To determine whether Studhorse's conviction under these statutes satisfies § 16, we first employ the familiar " 'categorical approach' to determine whether the state offense matches the 'generic' federal definition of ... a crime of violence under 18 U.S.C. § 16(a) or (b)." Ramirez v. Lynch , 810 F.3d 1127, 1130-31 (9th Cir. 2016) (quoting Moncrieffe v. Holder , 569 U.S. 184, 190, 133 S.Ct. 1678, 185 L.Ed.2d 727 (2013) ). This involves *1203"comparing the elements of the statute of conviction with a federal definition of the crime to determine whether conduct proscribed by the statute is broader than the generic federal definition." Id. at 1131 (alteration omitted) (quoting Rodriguez-Castellon v.

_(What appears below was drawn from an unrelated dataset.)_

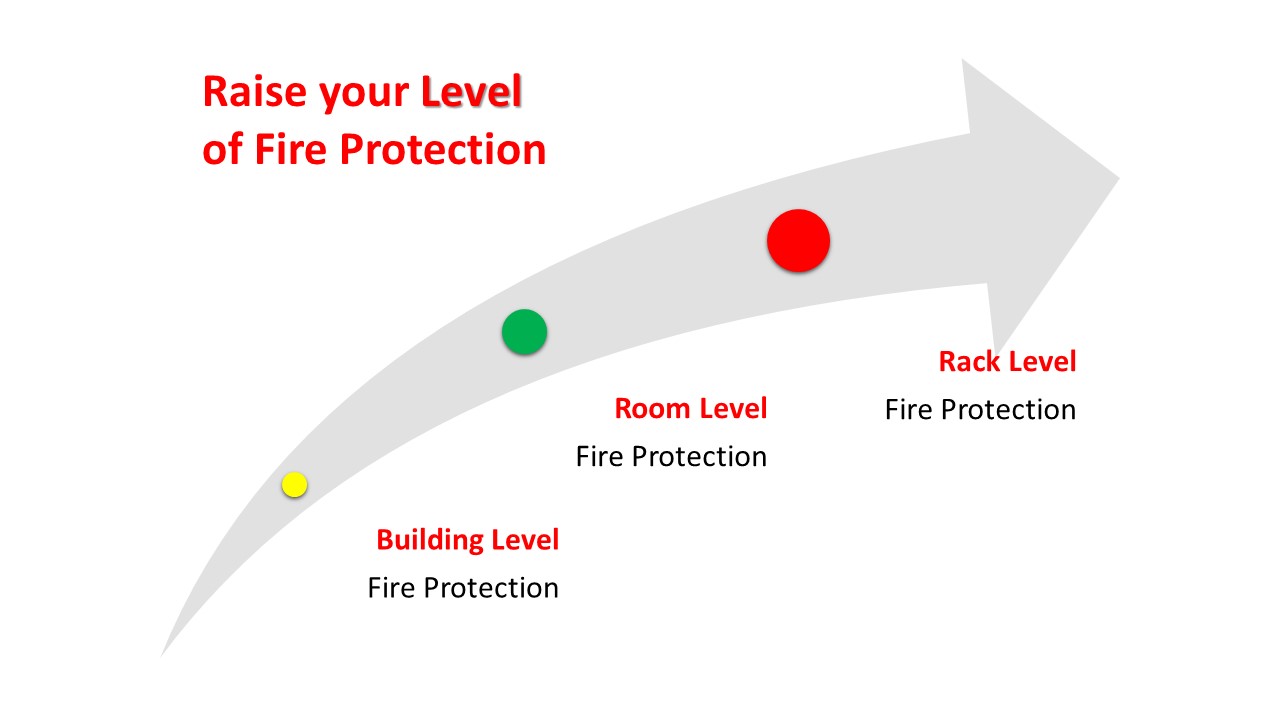 Three Levels of Data Center Fire Protection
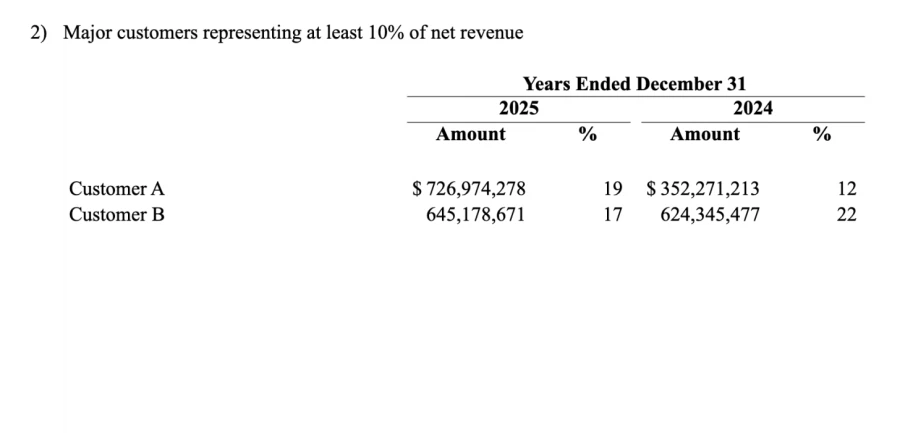 엔비디아, 애플을 제치고 TSMC 최대 고객으로 등극_2.webp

Holder , 733 F.3d 847, 853 (9th Cir. 2013) ). In other words, we ignore the facts of the case and simply "line[ ] up [the] crime's elements alongside those of the generic offense and see[ ] if they match." Mathis v. United States , --- U.S. ----, 136 S.Ct. 2243, 2248, 195 L.Ed.2d 604 (2016). In doing so, "we must presume that the conviction 'rested upon nothing more than the least of the acts' criminalized." Moncrieffe , 569 U.S. at 190-91, 133 S.Ct. 1678 (alterations omitted) (quoting Johnson v. United States , 559 U.S. 133, 137, 130 S.Ct. 1265, 176 L.Ed.2d 1 (2010) [hereinafter Johnson I ] ); see also United States v. Lopez-Solis , 447 F.3d 1201, 1206 (9th Cir. 2006) (holding that "even the least egregious conduct the statute covers must qualify" for there to be a categorical match). We will find a statute over-inclusive where it "criminalizes both conduct that does and conduct that does not qualify" as a "crime of violence." United States v. Werle , 815 F.3d 614, 618 (9th Cir. 2016).

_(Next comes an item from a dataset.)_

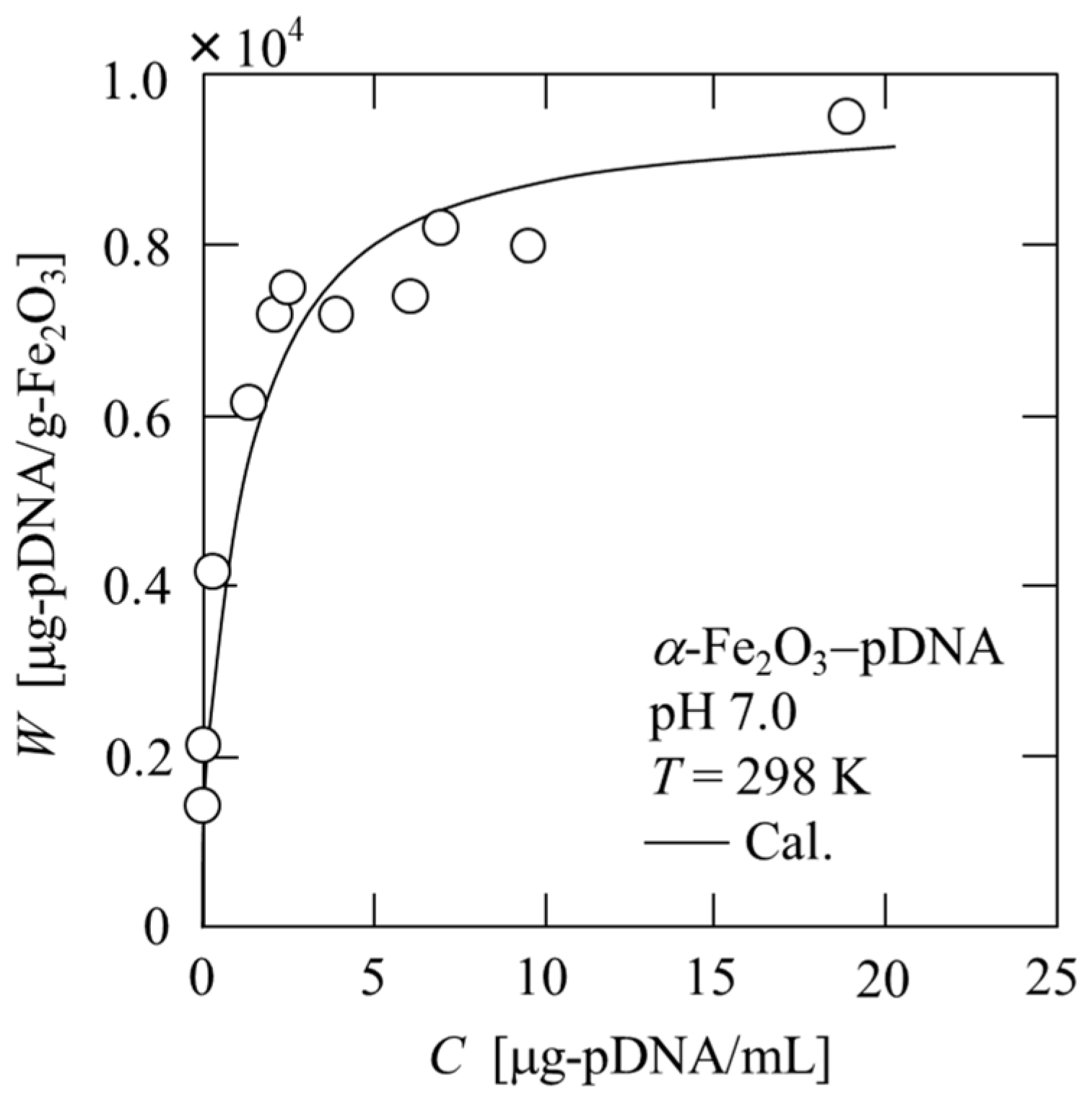 Membranes 13 00168 g002 Membranes 13 00168 g002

We have previously determined that the near-identical language of the Armed Career Criminal Act (ACCA), 18 U.S.C. § 924(e)(2)(B)(i), imposes two requirements for a categorical match: "First, the 'physical force' used must be 'violent force,' or 'force capable of causing physical pain or injury to another person.' " United States v. Dixon , 805 F.3d 1193, 1197 (9th Cir. 2015) (quoting Johnson I , 559 U.S. at 140, 130 S.Ct. 1265 ). "Second, the use of force must be intentional, not just reckless or negligent." Id. ; see also Leocal v. Ashcroft , 543 U.S. 1, 9-11, 125 S.Ct. 377, 160 L.Ed.2d 271 (2004) (explaining that § 16 encompassed "a category of violent, active crimes" and thus required "a higher degree of intent than negligent or merely accidental conduct"). Here, Studhorse's Washington conviction for attempted first degree murder satisfies both requirements.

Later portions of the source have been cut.